Während sich das Buch im ersten Teil vorwiegend mit definitorischen und philosophischen Fragen beschäftigt, wird es in den mittleren Kapiteln auch praktisch relevant. So analysieren Sinclair und Macleod Online-Dialoge zwischen Lehrenden und Lernenden im Fernstudiengang „Digital Education“ der Universität Edinburgh in Bezug auf das Verständnis, welches die Beteiligten von Virtualität und Realität entwickeln. Newton und Pak zeigen anhand von Beispielen aus dem Architekturstudium, wie reale und virtuelle Orte beim designorientierten vernetzten Lernen eng miteinander in Bezug stehen. Avramidis und Drakopoulou setzen sich mit informellem Lernen am Beispiel der Graffiti-Subkultur auseinander, bei dem kommunikative und pädagogische Praktiken zunehmend technologievermittelt stattfinden. Jaakola schließlich formuliert Anhaltspunkte für die Entwicklung eines Modells zur Unterstützung kritischer Reflexion bei Lehrenden, die mit ihren Studierenden vernetzt lernen möchten. Den Abschluss bildet ein ausführliches Interview mit dem US-amerikanischen Bildungssoziologen Peter McLaren, einem der aktuell wohl bekanntesten internationalen Vertreter der Kritischen Pädagogik, in dem er das aktuelle Begriffsverständnis von „vernetztem Lernen“ im Kontext zwischen marktwirtschaftlichen, persönlichen und staatlichen Informationsinteressen reflektiert.

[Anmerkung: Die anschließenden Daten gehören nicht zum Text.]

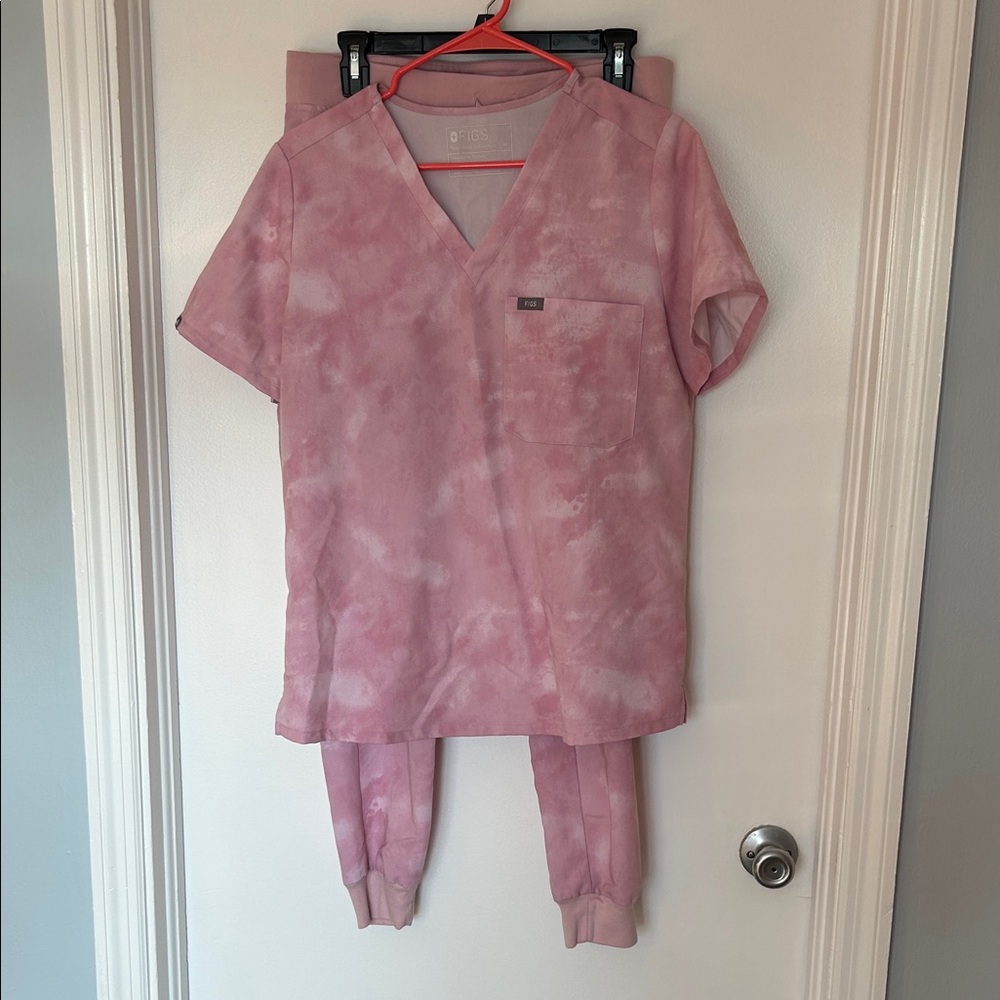 FIGS Pink Tie Dye Scrub Set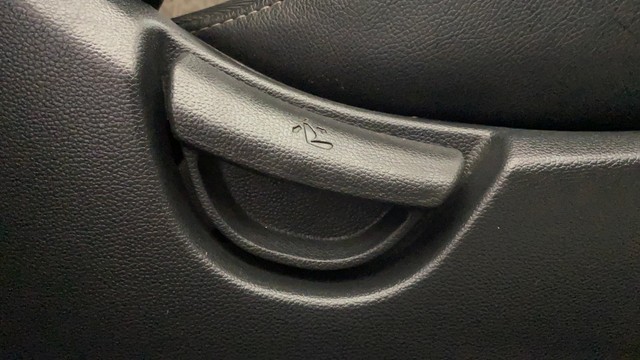 Second-hand 2013 Hyundai Grand i10 Sportz for sale in Kochi-18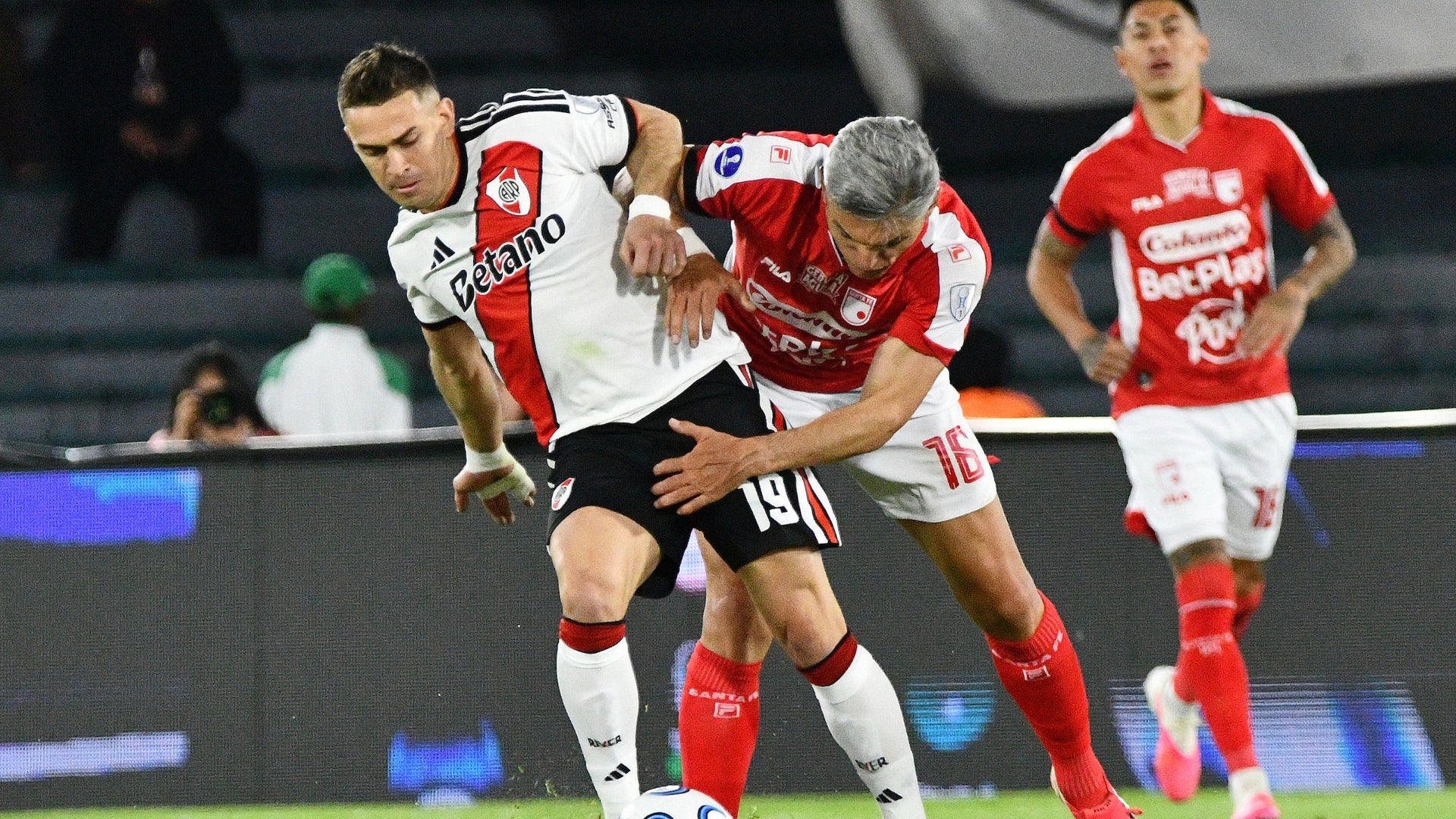 River Plate salió ileso ante Santa Fe y todo queda abierto para la vuelta en Argentina - VizzorImage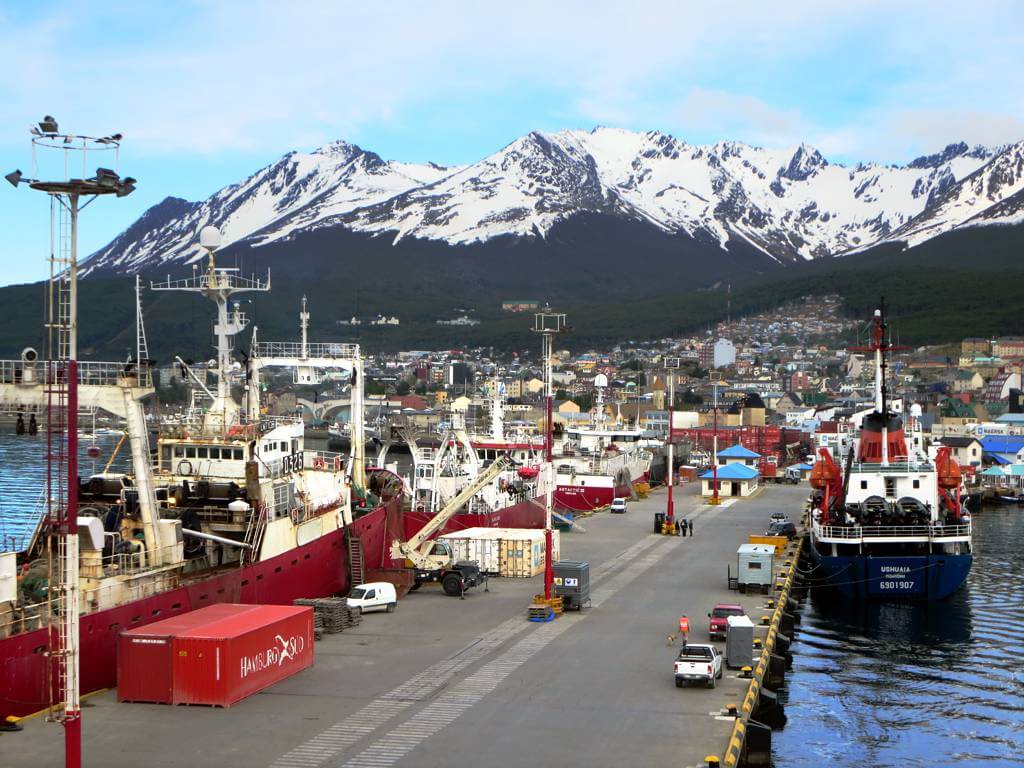 1024x768 City of Ushuaia: Province of Tierra del Fuego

Zusammenfassend kann das Buch vor allen Dingen denjenigen empfohlen werden, die E-Learning-Szenarien umsetzen möchten, die eine aktive und kritische Mitgestaltung durch die Lernenden einfordern, wobei ein Interesse an erziehungswissenschaftlichen Fragestellungen – trotz augenscheinlicher Interdisziplinarität – vorhanden sein sollte, da Vorwissen in Bezug auf die Kritische Pädagogik an einigen Stellen vorausgesetzt wird.